The draft Bill states that an intermediary is considered to act for the insurer if:

  • the intermediary is the appointed representative of the insurer
  • the insurer has given the intermediary express authority to collect the information as its agent
  • the insurer has given the intermediary express authority to enter into the contract on the insurer’s behalf.

In other cases, the intermediary is presumed to act for the consumer unless it appears that it acts for the insurer. Schedule 2 to the draft Bill sets out factors which tend to show whether the agent is acting for either the insurer or the insured.

Examples of factors which may tend to confirm that the agent is acting for the consumer are:

  • the agent undertakes to give impartial advice to the consumer
  • the agent undertakes to conduct a fair analysis of the market
  • the consumer pays the agent a fee.

Examples of factors which may tend to show that the agent is acting for the insurer are:

  • the agent places insurance with only a small proportion of the insurers who provide insurance of the type in question
  • the insurer provides the relevant insurance through only a limited number of agents
  • the insurer permits the agent to use the insurer’s name in providing the agent’s services
  • the insurance in question is marketed under the name of the agent;
  • the insurer asks the agent to solicit the consumer’s custom.

The Law Commission was conscious that in some transactions, it is common for intermediaries to “change hats” during the transaction, acting for the consumer in advising on the choice of insurer, and acting for the insurer in binding it to cover.
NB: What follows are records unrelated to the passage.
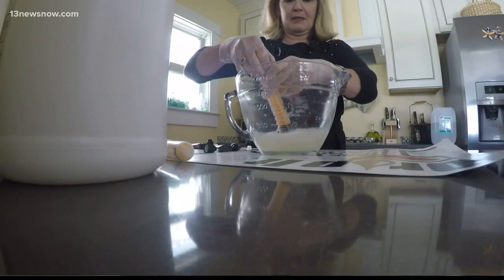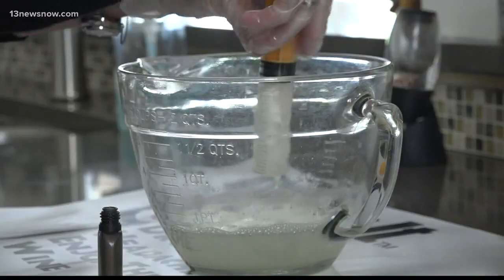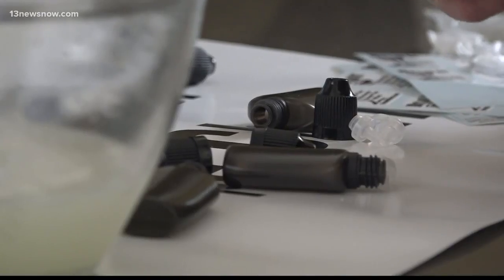That's when she used science to find a solution. She thought it affects a lot of people, so she set out to address it. With a biology and chemistry background, Corcoran tested formulas for two years.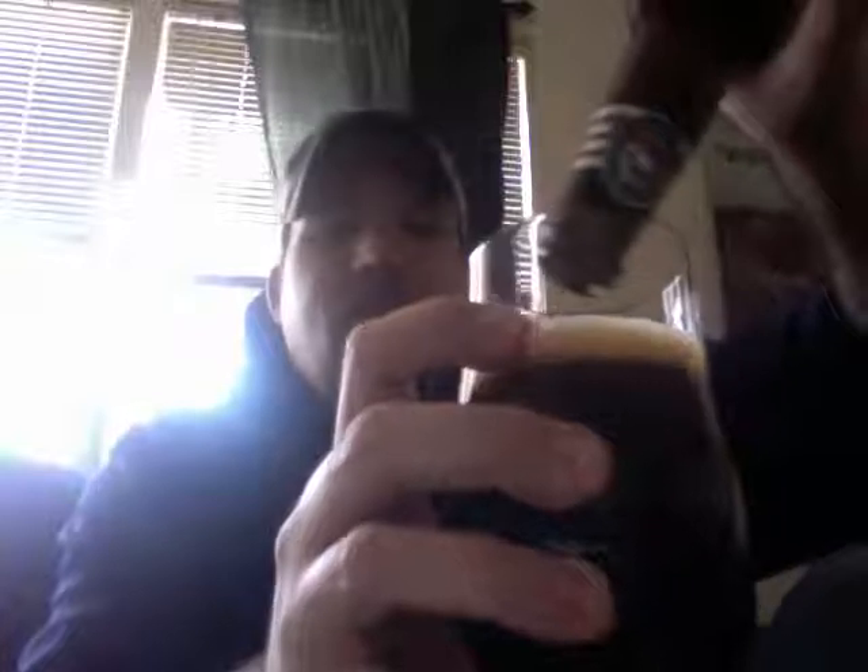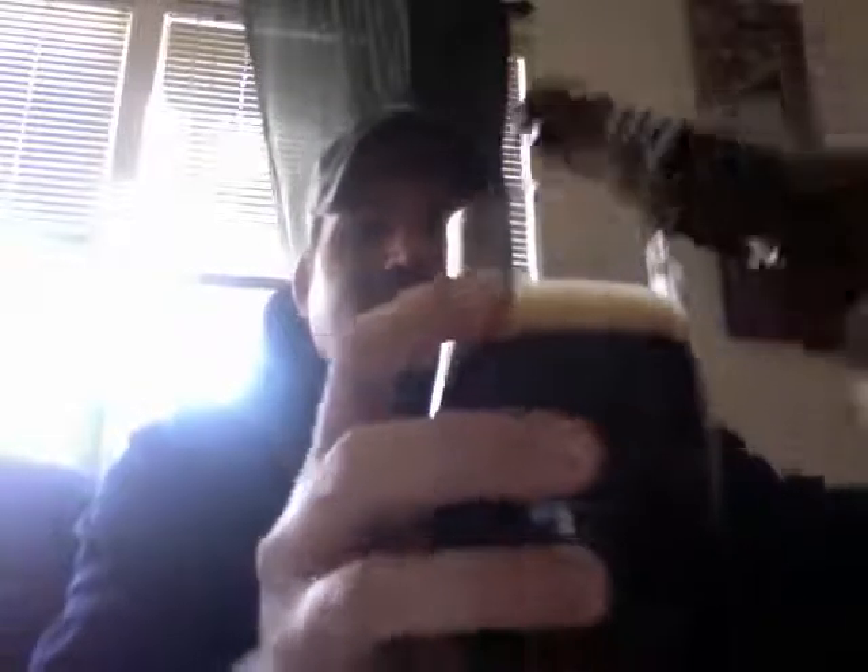That is pouring a brown — a brownish ale with a khaki head. Put it in the light, can't really see through it. It's pretty murky. Good-looking beer, though.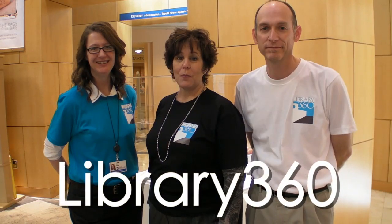Hi, I'm David. I'm Diana. And I'm Lisa. And this is Library 360. We plan to explore the library, introduce you to some of our staff, our services, and show you the things that are cool about the library. So let's get started with our first Library 360.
The focus is on the intermediary’s capacity at the time of the action in question. In addition, it states that this list of factors is “indicative and non-exhaustive” and that flexibility is key.

Basis of the Contract Clauses

The draft Bill abolishes “basis of the contract” clauses by stating that any representation made by a consumer is not capable of being converted into a warranty by means of any provision of the contract. The draft Bill, however, does not abolish warranties and is remains possible for insurers to include specific warranties within their policies.

Group Schemes

The draft Bill makes special provisions for group schemes providing that where a misrepresentation is made by a group member there are only consequences for that individual rather than the whole group.

Life Insurance Policies

Where one person takes out insurance on the life of another person and that individual (who is not a party to the contract) makes a misrepresentation (such as regarding their age or health) the Bill imposes the same duties upon the person whose life is insured as upon the policyholder. Where the individual makes a misrepresentation the insurer will be entitled to the same remedies as had they been a party to the contract.

No Contracting Out

The draft Bill prevents insurers from contracting out of the changes to the detriment of consumers.


There is wide consensus that consumer insurance law is in urgent need of reform and so it is likely that the draft Bill will be passed in time. However, in light of the impending General Election, it is unlikely that anything further will happen until Autumn of this year.